Yaprak Özer: Siz göreve geldikten sonra “Aile Meclisi”, “Aile Ofisi” gibi değişik kavramlarla tanıştık.

Mustafa Koç: Aile Meclisi senelerdir olan bir şey. Muhakkak ki başka büyük aile şirketlerinde de vardır. “Aile Ofisi” diye bir şey kurduk,  baktığınız zaman Avrupa’da, Amerika’da çok uzun senelere dayanan bir kavram. Aile çıkarlarının en iyi şekilde yönetildiği birim. Aile çıkarlarının şirket çıkarları ile kesişmediği veya çelişkiler olduğu zamanlar oluyor. Orada ortak yolu bulabilecek CEO ile yakın çalışma ortamına giren profesyonelin çalıştığı bir ofis.

Yaprak Özer: Alışıla gelmiş bir birim değil…

Mustafa Koç: Bizde değil. Bir çalışma içerisindeyiz, dışardan bir sürü model getirdik onları inceliyoruz.  3. Kuşağın da sorunsuz bir şekilde bu portföyü yönetme konusunda birbirleri ile ilişkilerini düzenleyecek enteresan bir oluşum.

Aile ile şirket ilişkisi

Yaprak Özer: Çıkar çatışmasına doğru mu gidiliyor?

Mustafa Koç: Hayır. Öyle bir şey yok, bizde böyle bir şey söz konusu değil fakat elimizde olan şeylerin daha iyi kullandırılıp, daha iyi değerlendirilmesi konusunda çok önemli rol alacağını düşündüğümüz bir oluşum. Amerikalı danışmanımız senelerce söyledi, göz ardı ettik. Son bir-iki sene içinde gündeme geliyordu, ben de bu görevi devraldıktan sonra kurulması için biraz ısrarcı oldum, buna kardeşlerim de çok katılıyorlardı karar verdik; şu anda yürüyor.

Yaprak Özer: Üçüncü kuşak olarak niye rahatınızı bozdunuz?

Mustafa Koç: Rahatımız bozmak değil… hem iş birimi yönetiminde, hem holding yönetim kurulunda olursanız, o iş birimi ile ilgili hesap veriyor, hesap soruyor pozisyonunda oluyorsunuz. Batı’da böyle bir şey yok. İş birimlerini yöneten profesyonel pozisyonlardaki aile fertlerinin, holdingin yönetim kuruluna girmeleri bundan sonra olmayacak. Ne zamanki bırakırlar ve bir ortak şapkasını giyerler o zaman. Bu tabi ki yönetişim.

Yaprak Özer: Aile fertlerinin hepsi bu karara sevecen baktı mı?

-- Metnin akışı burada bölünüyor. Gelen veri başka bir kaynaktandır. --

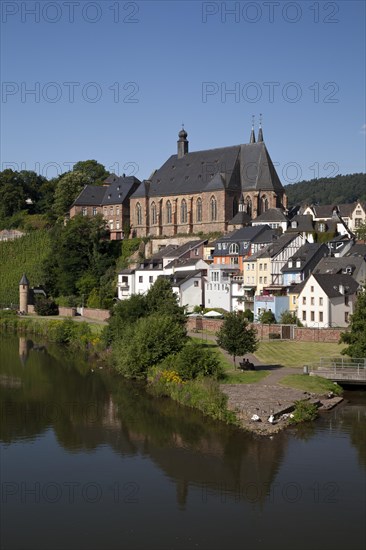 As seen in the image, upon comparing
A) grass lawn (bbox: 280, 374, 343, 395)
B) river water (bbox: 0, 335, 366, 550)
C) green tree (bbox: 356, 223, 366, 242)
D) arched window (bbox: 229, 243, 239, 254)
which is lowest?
river water (bbox: 0, 335, 366, 550)

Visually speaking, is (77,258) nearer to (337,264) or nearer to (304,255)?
(304,255)

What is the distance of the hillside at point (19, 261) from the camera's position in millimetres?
88125

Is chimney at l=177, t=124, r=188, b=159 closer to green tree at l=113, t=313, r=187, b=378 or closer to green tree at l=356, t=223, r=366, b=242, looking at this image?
green tree at l=356, t=223, r=366, b=242

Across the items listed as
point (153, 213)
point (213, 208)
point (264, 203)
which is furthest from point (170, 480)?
point (153, 213)

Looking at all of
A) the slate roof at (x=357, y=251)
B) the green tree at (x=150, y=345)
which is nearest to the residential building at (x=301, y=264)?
the slate roof at (x=357, y=251)

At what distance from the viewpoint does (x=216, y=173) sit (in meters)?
85.4

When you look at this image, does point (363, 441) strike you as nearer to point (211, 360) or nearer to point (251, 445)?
point (251, 445)

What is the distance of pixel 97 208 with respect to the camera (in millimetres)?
95188

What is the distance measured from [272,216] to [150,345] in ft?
130

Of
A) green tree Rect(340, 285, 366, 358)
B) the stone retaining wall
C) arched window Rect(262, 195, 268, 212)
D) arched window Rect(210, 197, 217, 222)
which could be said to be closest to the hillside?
arched window Rect(210, 197, 217, 222)

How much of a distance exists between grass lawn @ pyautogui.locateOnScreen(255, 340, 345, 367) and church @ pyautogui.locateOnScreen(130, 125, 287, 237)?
3111 centimetres

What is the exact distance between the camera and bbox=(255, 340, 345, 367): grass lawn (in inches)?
1687

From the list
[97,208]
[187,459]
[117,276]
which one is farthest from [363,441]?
[97,208]

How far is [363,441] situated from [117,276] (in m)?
53.0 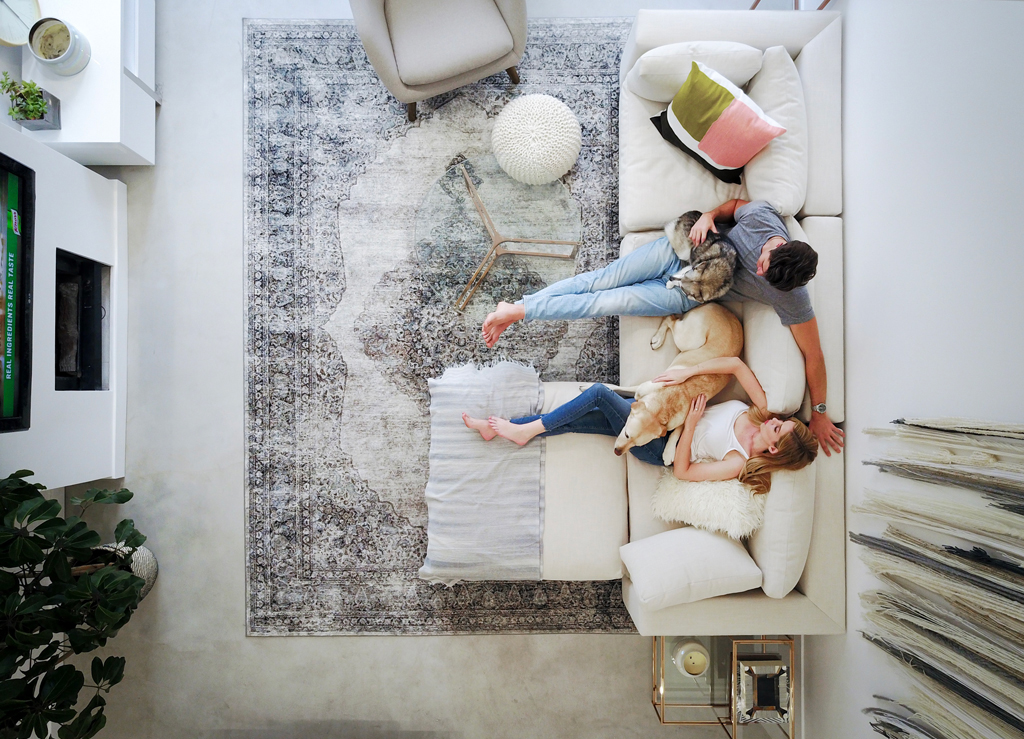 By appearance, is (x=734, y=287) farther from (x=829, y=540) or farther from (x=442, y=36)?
(x=442, y=36)

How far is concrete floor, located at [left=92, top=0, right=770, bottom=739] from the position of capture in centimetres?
257

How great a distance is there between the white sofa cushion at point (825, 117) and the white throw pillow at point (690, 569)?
4.45 feet

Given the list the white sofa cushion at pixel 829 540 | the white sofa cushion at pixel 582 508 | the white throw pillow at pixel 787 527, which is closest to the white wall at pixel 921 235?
the white sofa cushion at pixel 829 540

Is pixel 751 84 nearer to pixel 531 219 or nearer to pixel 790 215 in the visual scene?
pixel 790 215

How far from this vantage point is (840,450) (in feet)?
6.86

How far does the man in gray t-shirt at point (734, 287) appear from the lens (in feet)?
6.10

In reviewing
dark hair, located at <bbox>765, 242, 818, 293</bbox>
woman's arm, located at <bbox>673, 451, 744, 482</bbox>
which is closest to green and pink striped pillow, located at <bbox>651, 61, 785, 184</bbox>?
dark hair, located at <bbox>765, 242, 818, 293</bbox>

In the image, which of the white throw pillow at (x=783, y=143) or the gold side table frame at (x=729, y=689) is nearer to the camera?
the white throw pillow at (x=783, y=143)

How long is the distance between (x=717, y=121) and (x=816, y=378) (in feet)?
3.29

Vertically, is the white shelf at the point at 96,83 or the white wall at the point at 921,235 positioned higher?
the white shelf at the point at 96,83

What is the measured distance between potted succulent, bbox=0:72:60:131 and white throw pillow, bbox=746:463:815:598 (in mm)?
3173

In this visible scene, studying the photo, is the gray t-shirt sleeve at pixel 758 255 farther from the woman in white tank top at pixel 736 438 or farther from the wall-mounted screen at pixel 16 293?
the wall-mounted screen at pixel 16 293

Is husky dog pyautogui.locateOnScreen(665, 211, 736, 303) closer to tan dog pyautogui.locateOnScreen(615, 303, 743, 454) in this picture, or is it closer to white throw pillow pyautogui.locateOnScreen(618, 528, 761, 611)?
tan dog pyautogui.locateOnScreen(615, 303, 743, 454)

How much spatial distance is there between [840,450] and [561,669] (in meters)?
1.56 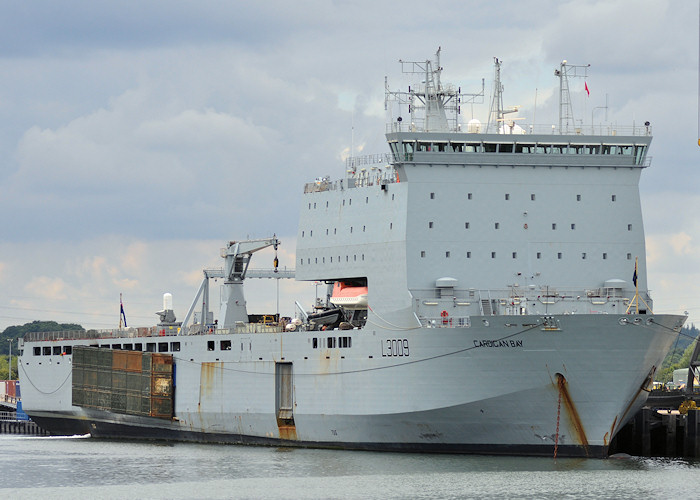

Mustafa Koç: 2. Kuşağa anlattık. Mahsurlarını anlattık, mantığını anlattık… hepsi “haklısınız” dediler ve o şekilde de bir karar almış olduk. Öbür türlü çok kavram kargaşası ve çelişki oluyordu.

CEO ile Başkan ilişkisi

Yaprak Özer: Yönetim Kurulu Başkanı olarak sizin göreviniz, sorumluluklarınız nerede başlar, nerede biter… CEO’nunki nerede… Roller çakışır mı?

Mustafa Koç: Bugün en müesseseleşmiş grubuz, profesyonellerin ağırlığı tartışmasız çok büyüktür Koç grubunda. Eninde sonunda büyük ortak olarak aile ana hedefleri koyuyor karar veriyor. Sonra yönetimi icraata bırakıyor. Bu icraatın başı CEO (Chief Executive Officer) dediğimiz şahıs. Yönetim Kurulu Başkanı da Yönetim Kurulu üyeleriyle CEO’nun arasındaki köprüyü sağlayan, aynı zamanda da büyük ve küçük ortaklara karşı Yönetim Kurulu’nda sorumlu olan kişi. Direkt bana muhatap CEO’dur. Günlük işe karışmak CEO’dadır. Tabi bu herhangi bir başkanla birtakım bilgi alışverişinde bulunmayacağım veya bir şey sormayacağım demek değil.

4. Kuşak

Yaprak Özer: Bir röportajda “… Biz Allah’a şükür 3. Kuşağa kadar geldik…” diyorsunuz…

Mustafa Koç: Doğrudur. Şimdi 3. Kuşakta işin içinde olan insanlar olduğu için bu problem değil ama bundan sonraki 4. Kuşakta yaşları genç olanların işle herhangi bir ilgileri bulunmazsa yapacak fazla bir şey yok. Ortak olarak kalıp tamamen profesyonellere devretmek zorunda kalırlar işleri.

İK stratejisi

Yaprak Özer: İnsan kaynakları politikanız…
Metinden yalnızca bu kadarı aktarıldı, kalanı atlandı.